An ideal selective emitter with a unit step response for spectral emittance is not possible to fabricate in practice [13]. So, for a practical selective emitter, there are two figures of merit that are commonly used to assess its performance. They are spectral selectivity (ηsel) and in-band emissivity (εin-band), which are defined by Eq. (2) and Eq. (3), respectively.
4. Photon recycling
In real STPV systems, the practical implementation of any spectral selectivity exhibits non-idealities [13] that prohibit from achieving a zero emittance above λabs-cut for the absorber side and above λBG for the emitting surface. In both cases, the emission of the longer wavelength photons leads to increased thermal radiation loss within the STPV system.

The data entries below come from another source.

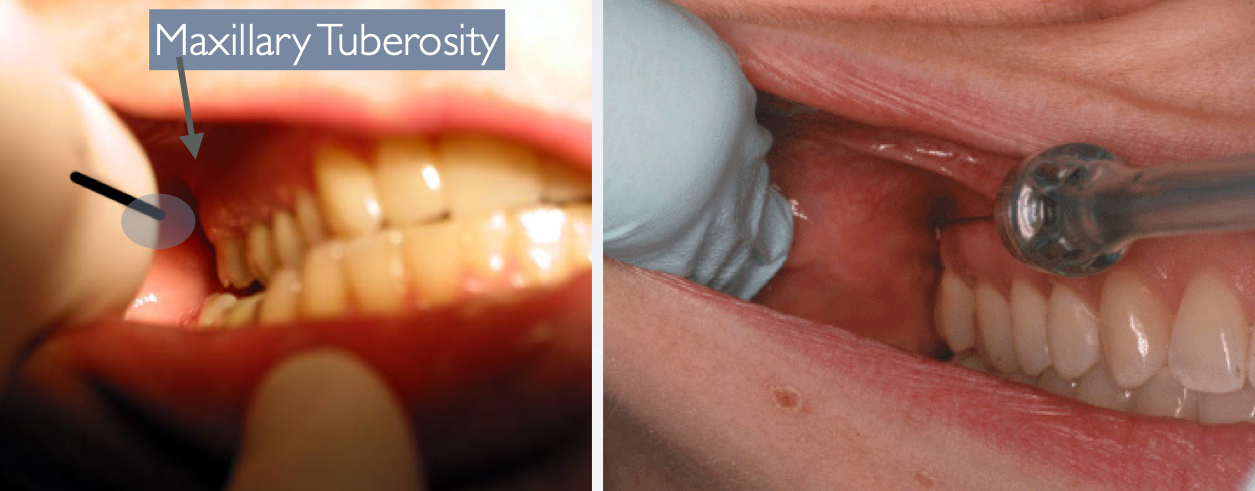 <p>Height of Insertion: Mucogingival Junction of Maxillary 2nd or 3rd Molar Insertion depth: ~25 mm (measured from the maxillary tuberosity)</p>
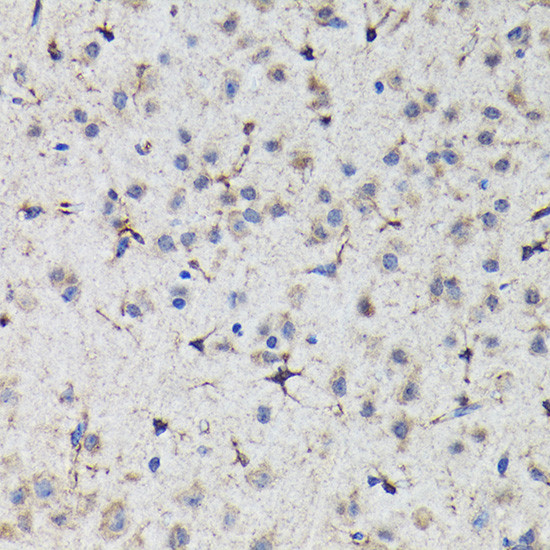 Nrf2 Antibody in Immunohistochemistry (Paraffin) (IHC (P))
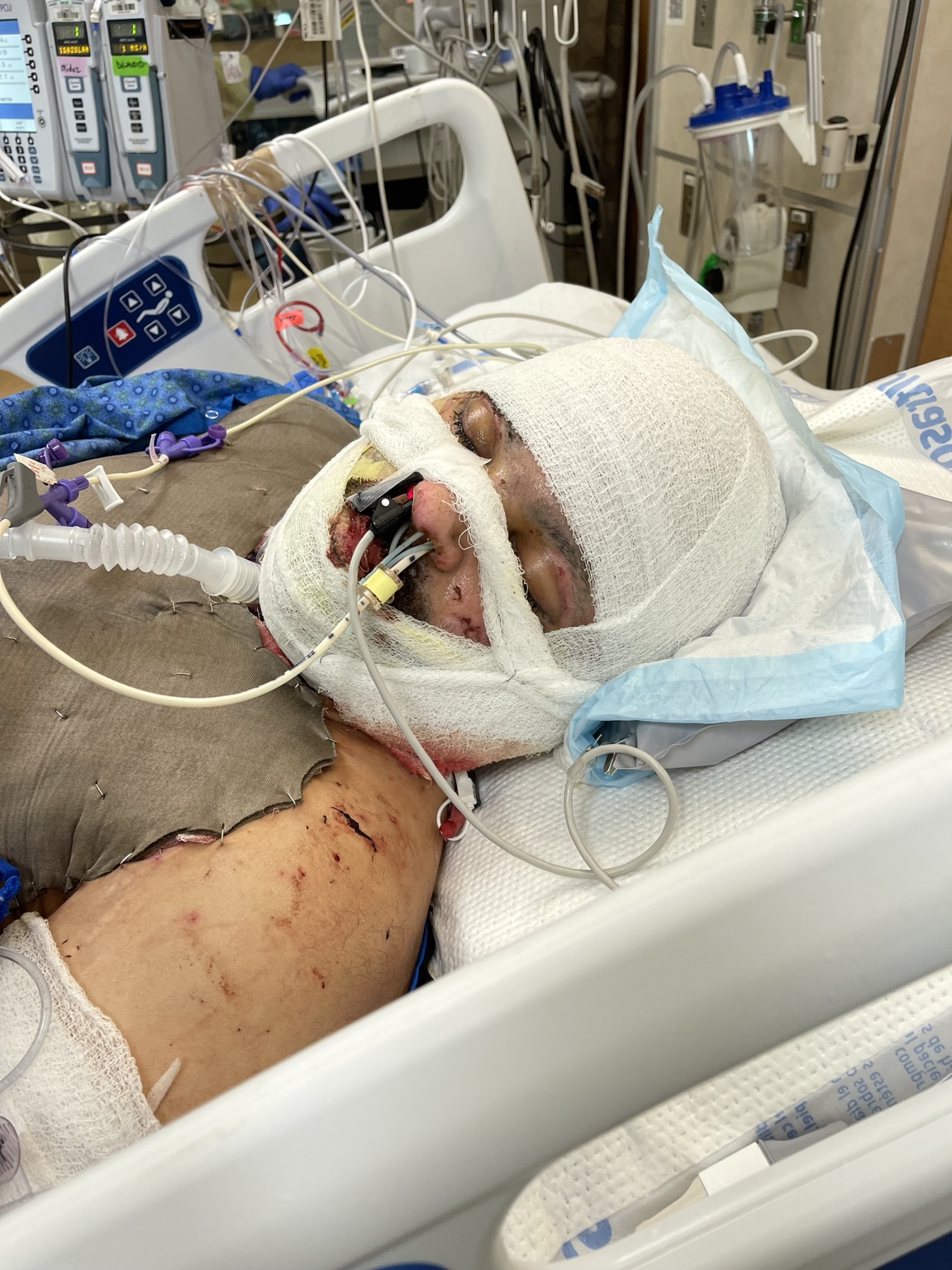 Corey Halstead receiving intensive burn care during the early stages of recovery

A significant improvement in the system efficiency can be achieved via recycling schemes that involve reflecting these unused photons back to the absorber/emitter. On the absorber side, a heat shield made of a material with high infrared reflectivity, such as gold (Au), can be installed to reflect the thermal radiation back to keep the absorber hot. Figure 4(a) shows the emittance of a W surface alone (black curve) and its effective emittance (εEff in green curve) in the presence of a Au reflector placed at 1 mm distance from the absorber surface modeled using Eq. (4) [3,13].
Fig. 4. (a) Effective absorptivity (green) of a W-Au arrangement is significantly lower than that of plain W (black) at shorter wavelengths due to the high infrared reflectivity of Au (red curve). The benefit of using the Au heat shield is larger at higher temperatures due to the blackbody radiation curve (blue for 1000 K and magenta for 1700K) shifting towards shorter wavelengths where the emissivity of W is greater. (b) GaSb cell reflectance (blue) measured using the Varian Cary 5E Spectrophotometer. The reflectance of only the active cell area is shown in green. The dashed vertical line represents the λBG for GaSb.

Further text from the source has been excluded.